En application des dispositions des articles 786 et 910 du code de procédure civile, l'affaire a été débattue à l'audience publique du 18 Novembre 2011, les avocats ne s'y étant pas opposés, devant M. CHEVRIER, conseiller chargé du rapport. Ce magistrat a rendu compte des plaidoiries dans le délibéré de la cour, composée de :

Présidente : Mme DERYCKERE, Conseillère
Assesseur : M. CHEVRIER, Conseiller
Assesseur : Mme TRIOL, Conseillère

Les parties ont été avisées de la date du prononcé de l'arrêt fixée au 17 février 2012.

GREFFIER, lors des débats : Mme SOUNDOROM,

ARRET : contradictoire
prononcé publiquement par mise à disposition au greffe de la cour, les parties en ayant été préalablement avisées dans les conditions prévues au deuxième alinéa de l'article 450 du code de procédure civile ;

EXPOSE

Par jugement en date du 22 janvier 2008, le Tribunal Mixte de Commerce de Fort de France a prononcé la liquidation judiciaire de la SARL GROUPEMENT DES ARTISANS ET INDUSTRIELS DU BOIS (GA. IB.), nommant aux fonctions de mandataire liquidateur : la SCP Z... RAVISE en la personne de Maître Michel Z... et désignant Monsieur Pascal A... ès qualité de commissaire priseur aux fins de procéder à l'inventaire ainsi qu'à la prisée des matériels de scierie industriels qui composaient le patrimoine dudit Groupement.
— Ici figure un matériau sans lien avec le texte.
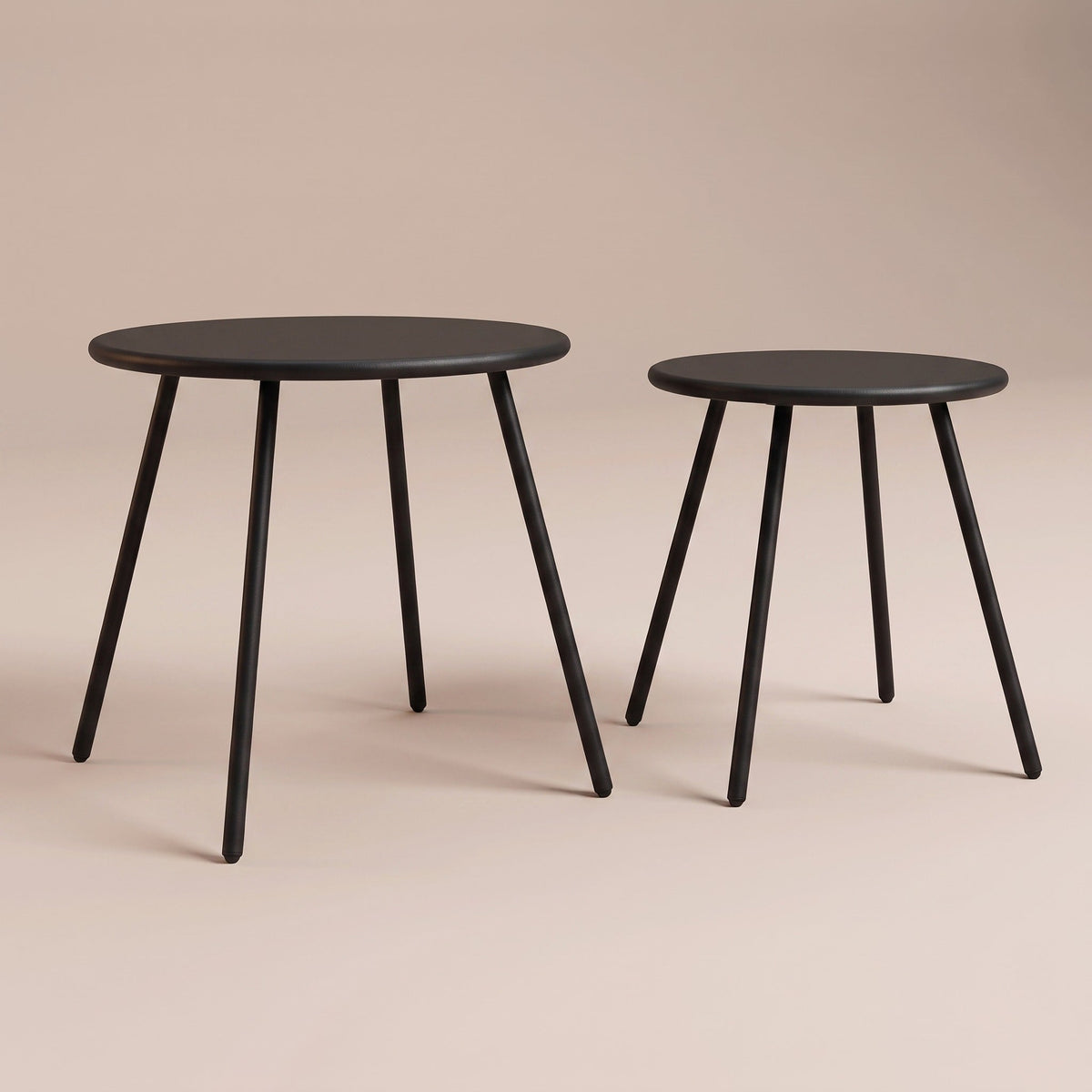 Les deux tables Duna séparées côte à côte — Ø 50 et Ø 40,5 cm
Au cours du mois de février 2008, Monsieur X... a organisé la vente des biens mobiliers de la société G. A. I. B. Madame Andrée Y... a acquis en son nom le matériel de la société G. A. I. B, pour un montant global de 31. 646 euros.
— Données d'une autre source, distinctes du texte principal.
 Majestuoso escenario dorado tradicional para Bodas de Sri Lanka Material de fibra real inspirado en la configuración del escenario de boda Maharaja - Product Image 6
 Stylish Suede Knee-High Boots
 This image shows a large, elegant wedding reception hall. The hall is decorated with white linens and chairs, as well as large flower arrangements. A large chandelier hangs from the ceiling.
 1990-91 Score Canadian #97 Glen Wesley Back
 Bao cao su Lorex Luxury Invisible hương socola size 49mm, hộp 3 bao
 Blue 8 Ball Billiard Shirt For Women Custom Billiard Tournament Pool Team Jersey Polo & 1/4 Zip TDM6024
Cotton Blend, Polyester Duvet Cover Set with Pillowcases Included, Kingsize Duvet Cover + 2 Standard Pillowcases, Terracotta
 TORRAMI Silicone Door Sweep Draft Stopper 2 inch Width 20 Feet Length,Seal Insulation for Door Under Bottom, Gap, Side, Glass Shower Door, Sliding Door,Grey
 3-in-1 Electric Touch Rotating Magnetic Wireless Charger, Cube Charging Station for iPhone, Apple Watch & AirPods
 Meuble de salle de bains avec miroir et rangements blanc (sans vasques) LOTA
Par acte d'huissier délivré le 30 novembre 2009, Madame Y... a fait assigner Maitre Pascal X..., sur le fondement de l'article 1382 du code civil, en soutenant qu'il est responsable de la revente du matériel qu'elle avait placé sous sa garde et qu'elle n'a jamais pu recevoir.

Par jugement réputé contradictoire prononcé le 11 mai 2010, le Tribunal Mixte de Commerce (TMC) de Fort de France a condamné Monsieur Pascal X... à payer à Madame Andrée Y... la somme de 31. 646 euros avec intérêts au taux légal à compter du 1er avril 2008, outre 2. 000 euros sur le fondement de l'article 700 du Code de procédure civile.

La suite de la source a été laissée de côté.